**Your goal**
Leaving out all pictures, transcribe exactly the lines between the line with "The office building" and the last line of the records below, both included.

---------- Dataset extract ----------

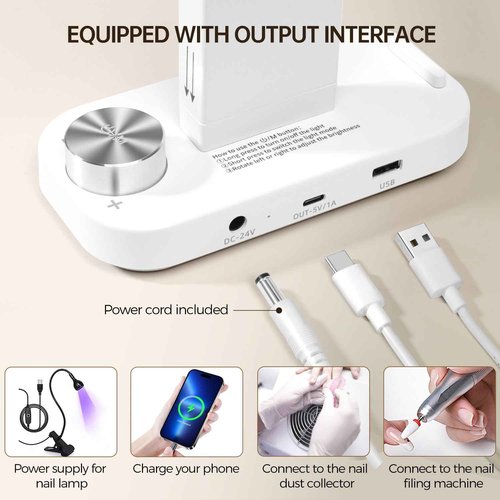 AOXDWGE AORAEM 34" Foldable Half Moon LED Nail Lamp, 456LEDs 3350LM Half Moon Light for Nails with Phone Holder, 3 Color Modes 3000K-6000K Professional Manicure Lamp for Nail Tech Salon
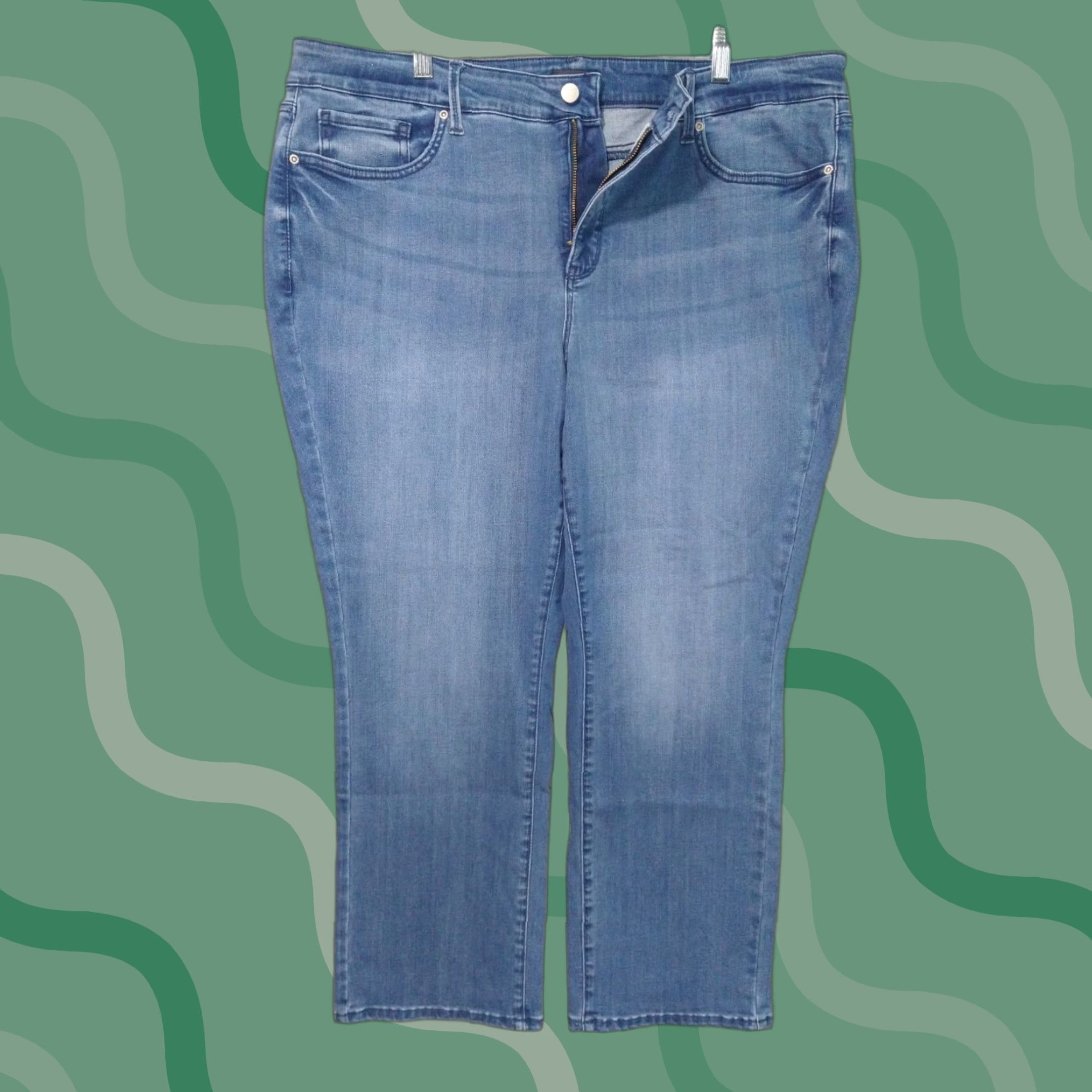 NYDJ NYDJ Jeans Womens 20WP Blue Denim Marilyn Straight Lift Tuck Stretch 5-Pocket Size 42" / US 20 - 1 Thumbnail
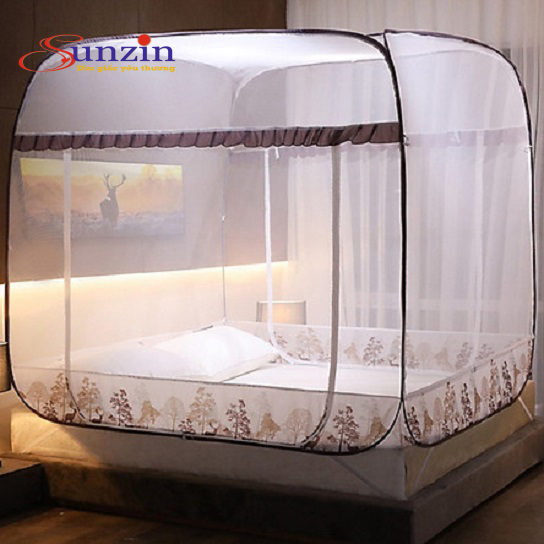Mùng chụp, Màn chụp tự bung đỉnh vuông cao cấp, Màn chụp chống muỗi, Màn chụp tự bung chân viền lụa hàng Việt Nam chất lượng cao Sunzin - Dìu Giấc Yêu Thương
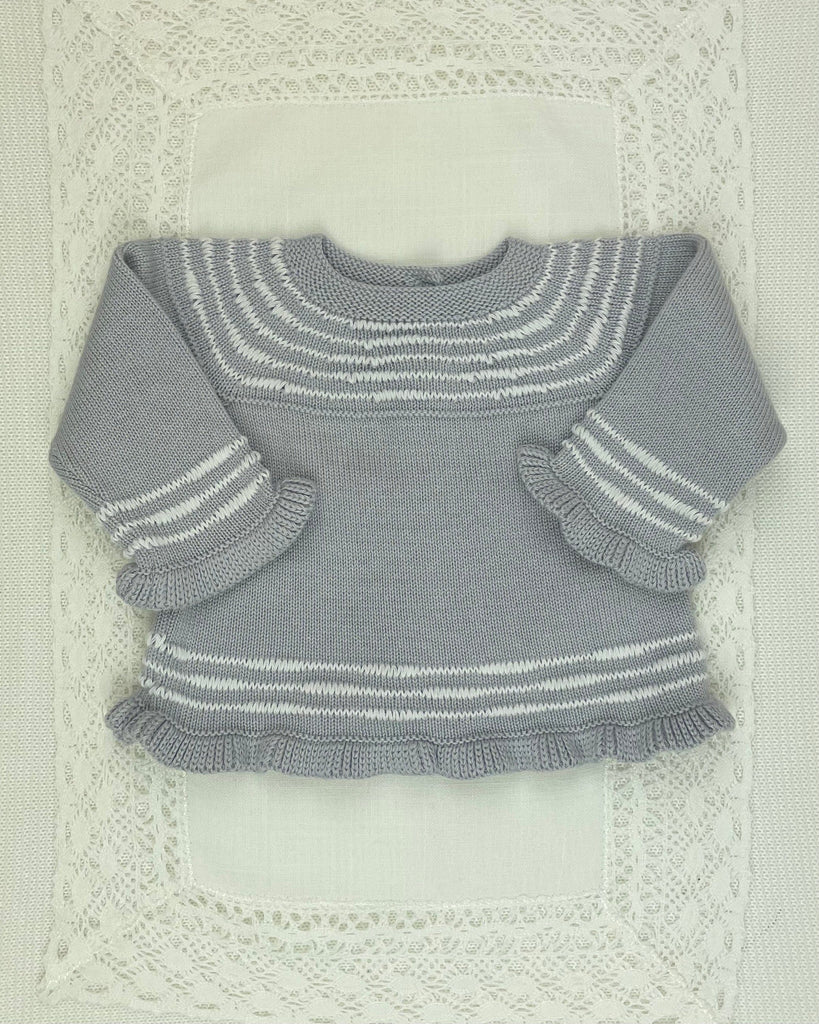 YoYo Children's Boutique Newborn 0M Grey & White Knit Newborn Outfit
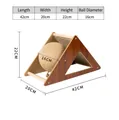 Triangle wooden cat scratcher with sisal ball and corrugated pad, 42x20x22cm dimensions - Triangle Scratcher with Bell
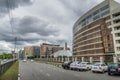 The office building and the street in the downtown of Grozny, the capital of Chechnya Republic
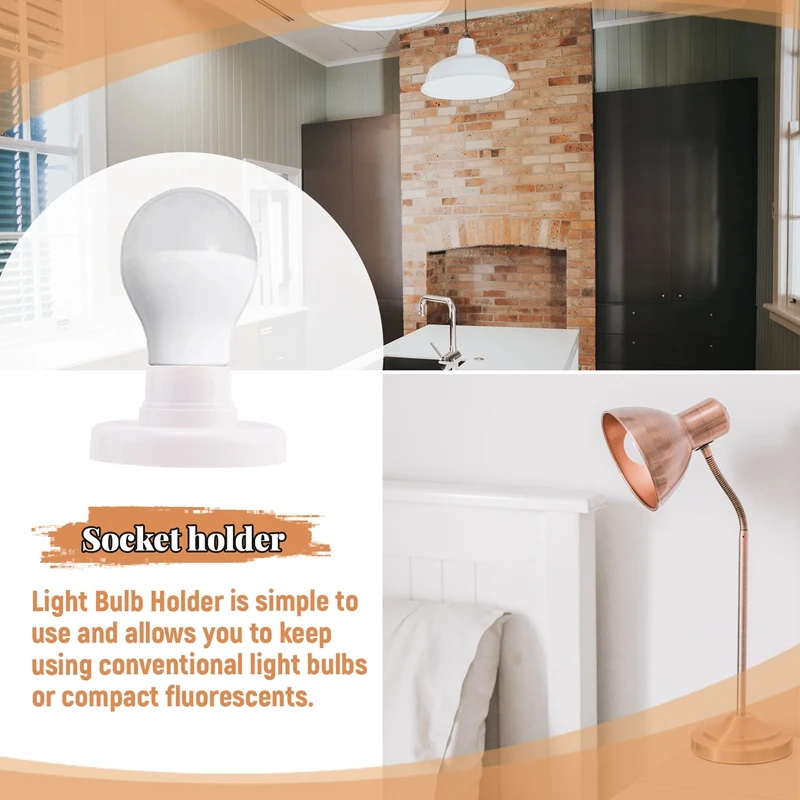 LICE-10Pcs E27 Plastic Screw Lamp Holder Round Lamp Holder Bulb Socket Holder Adapter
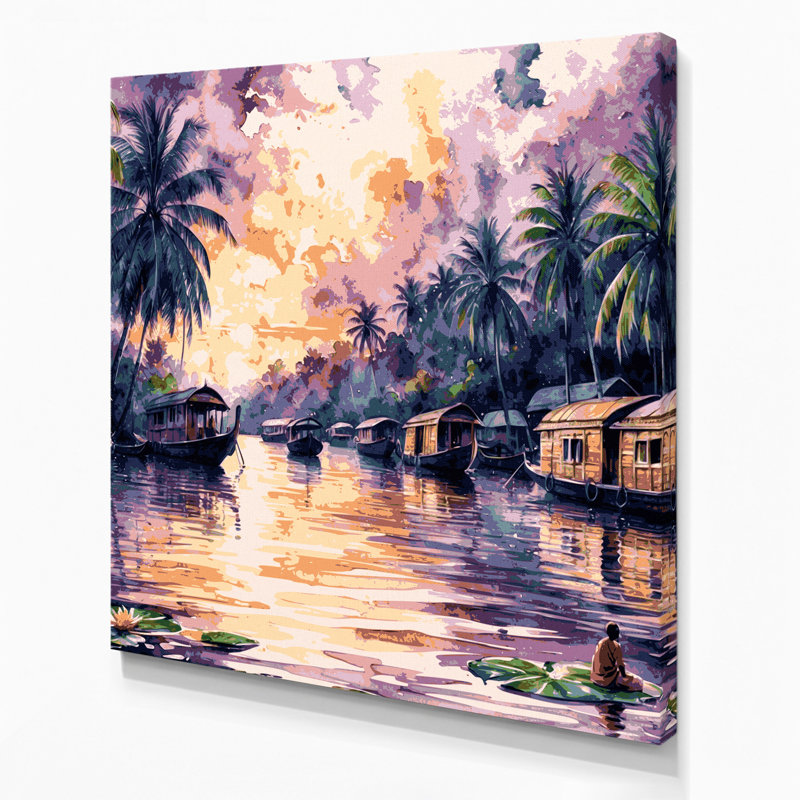 Art mural mauve avec villes, Kerala, Inde, H 8 po x l 8 po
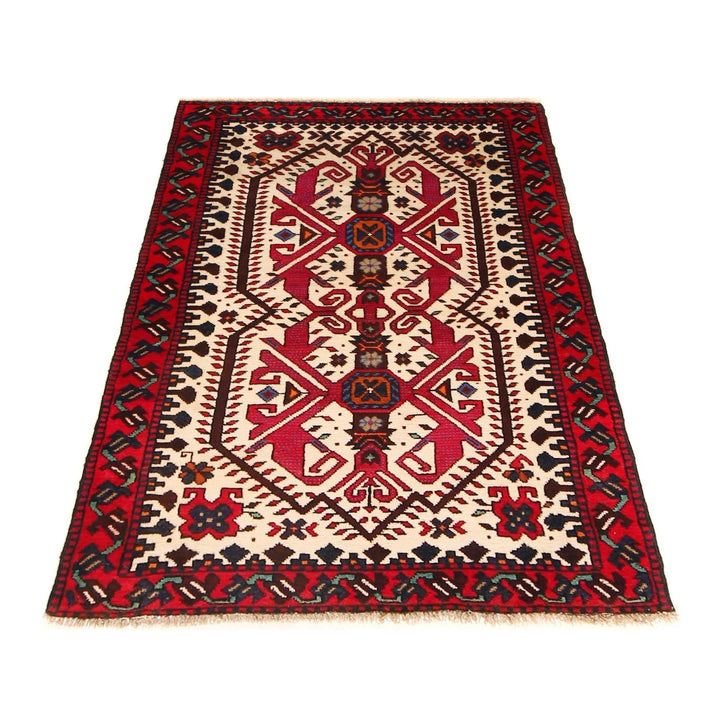 Beige Afghan Baluchi Rug 3' 3" x 4' 9" Hand-Knotted | No. AL58361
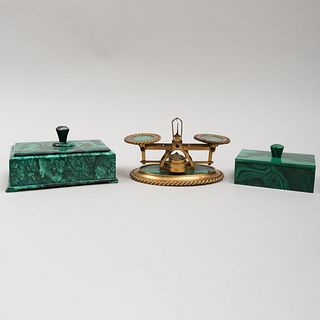 Toulmin & Gale Brass and Malachite Scale and Two Continental Malachite Boxes with Knob Handles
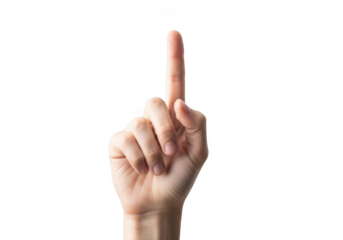 A human hand with the index finger pointing upwards, isolated on a transparent background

----------

**Reply to the exercise**
 The office building and the street in the downtown of Grozny, the capital of Chechnya Republic
 LICE-10Pcs E27 Plastic Screw Lamp Holder Round Lamp Holder Bulb Socket Holder Adapter
 Art mural mauve avec villes, Kerala, Inde, H 8 po x l 8 po
 Beige Afghan Baluchi Rug 3' 3" x 4' 9" Hand-Knotted | No. AL58361
 Toulmin & Gale Brass and Malachite Scale and Two Continental Malachite Boxes with Knob Handles
 A human hand with the index finger pointing upwards, isolated on a transparent background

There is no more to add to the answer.